New York, June 2, 2026, 08:03 (EDT)
Alphabet Inc. stock dropped in pre-market hours Tuesday after the company said it would raise $80 billion by issuing new equity, with $10 billion of that going to Berkshire Hathaway. The capital will help pay for expanding AI infrastructure. Class A shares were recently indicated at $366.55, off 2.6% from Monday’s close at $376.37.
Alphabet’s decision is drawing attention since the company, which usually relies on cash flow and debt to grow, is now looking for equity cash as it ramps up in AI. U.S. markets were open; Nasdaq’s regular hours run 9:30 a.m. to 4 p.m. Eastern, with pre-market from 4 a.m. to 9:30 a.m.
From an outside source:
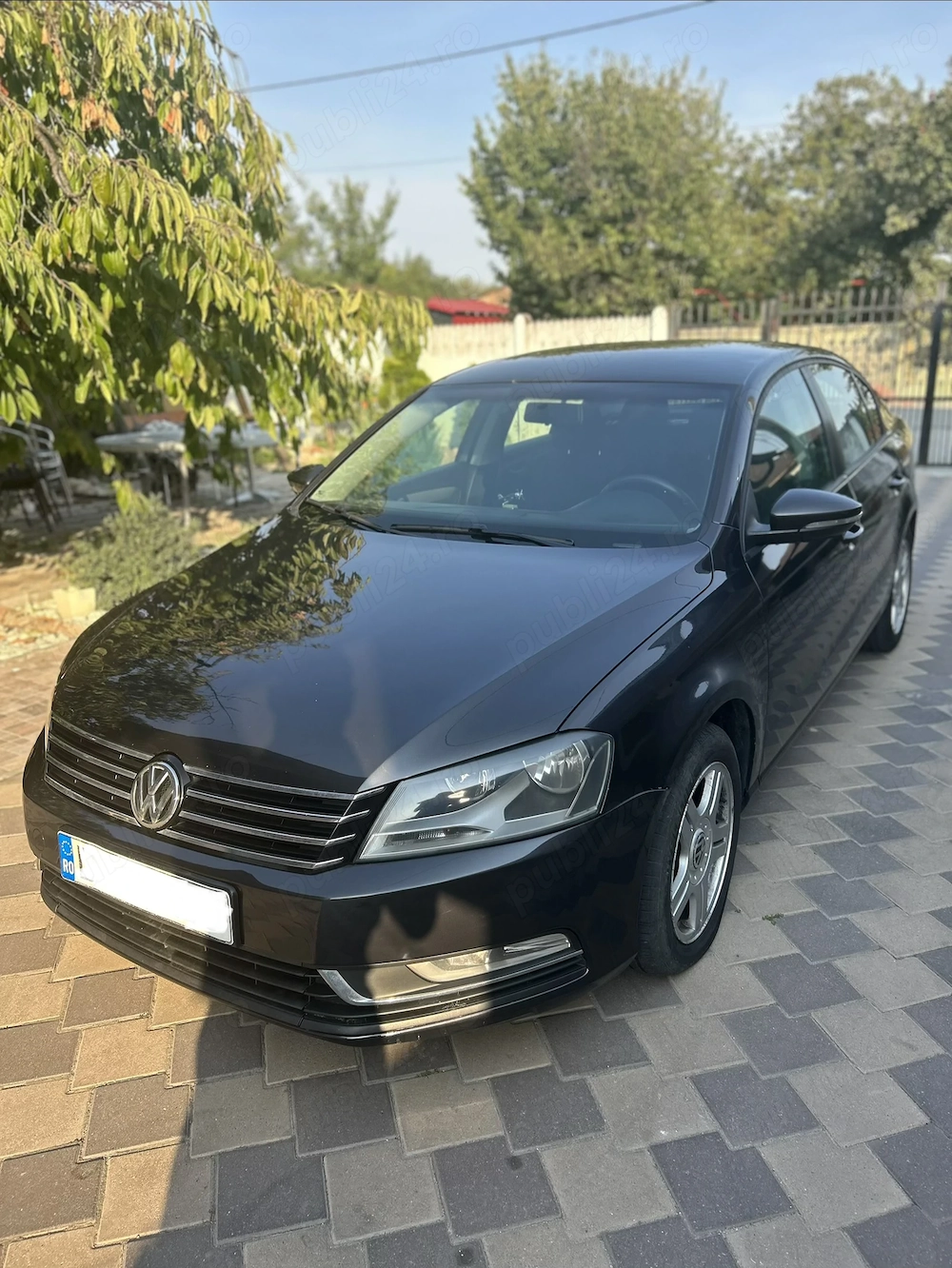Volksvagen  Passat 1.6 bluemotion
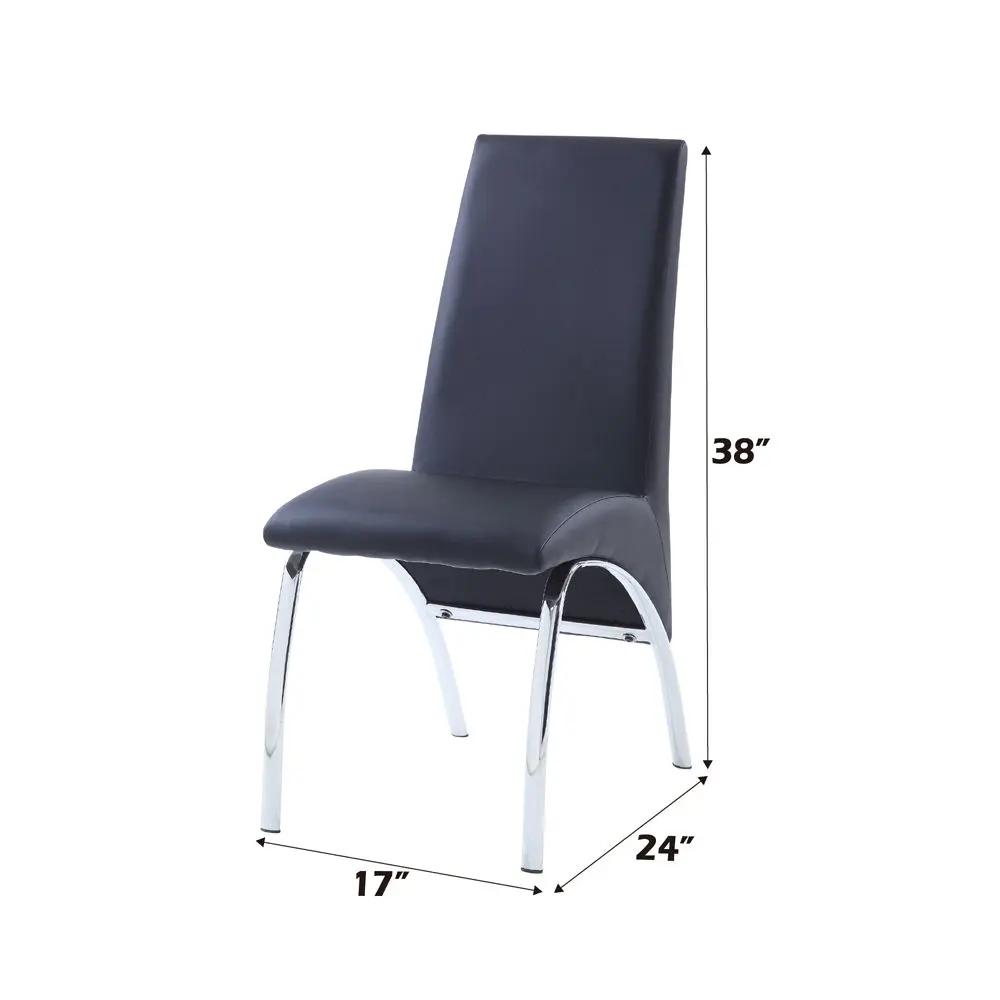 Pervis - Side Chair by Unique Piece Furniture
Alphabet traded lower early even as the overall market held up. At 6:18 a.m. ET, Dow futures slipped 0.4%, S&P 500 futures were off 0.14%, and Nasdaq 100 futures stayed almost flat, Reuters said. S&P 500 and Nasdaq had finished at new highs Monday.
Alphabet is planning $30 billion in underwritten public offerings with both common shares and mandatory convertible preferred stock, a type of security that pays dividends and later turns into ordinary shares. The company also outlined a $40 billion at-the-market program, or ATM, which allows it to sell shares into the market over time. That program is set to start in the third quarter.
Berkshire is set to purchase $5 billion of Alphabet Class A shares at $351.81 and another $5 billion in Class C shares at $348.20, both prices under Monday’s close. The Berkshire order brings a familiar name to the deal, but fresh stock will still hit the market.
Berkshire’s investment is usually seen as a positive sign for the companies it picks, said Steven Check, president and chief investment officer of Check Capital Management, which Reuters says holds Berkshire shares. Glenview Trust Company’s Bill Stone said Berkshire’s latest buy signals it sees Alphabet making “a reasonable return” on its AI spending even as it puts more stock into the market. Reuters
Alphabet is putting the higher capex down to supply, not weak demand. The company said businesses and consumers want more of its AI products than it can provide, and that 2026 capex — for things like data centers, chips, and servers — should come in between $180 billion and $190 billion. 2027 spending will be much higher, Alphabet said.
Alphabet kept growing through the financing shock. First-quarter revenue was up 22% to $109.9 billion, with Google Cloud jumping 63% to $20.0 billion and Search up 19%. CEO Sundar Pichai said in April that AI work was “lighting up every part of the business.” SEC
Big Tech is deep in the AI race. Microsoft, Amazon, Meta and Alphabet were set to spend around $600 billion on AI in 2024, Reuters said in April. Google is also promoting its tensor processing units (TPUs) against Nvidia’s AI chips, which now dominate the market.
But the risk is clear: more shares mean dilution, so each one is a smaller piece of the company. Investors might want to see solid results sooner, showing AI spending can drive lasting sales. Bloomberg Intelligence’s Mandeep Singh thinks capital spending could hit $300 billion next year and said, “There’s only so much capital you can allocate,” The Edge reported, citing Bloomberg. The Edge Malaysia
Traders will get the first read on Tuesday if Berkshire’s support can balance out the overhang. The underwritten common and convertible deals are set to price after the New York session, The Edge said, citing terms from Bloomberg News.
Right now, the stock looks more like it’s testing investor appetite for growth spending than showing a lack of growth. That could be settled soon. Market watchers are set to get U.S. job openings data and fresh Federal Reserve remarks later today, which keeps rate risk hanging over expensive tech names.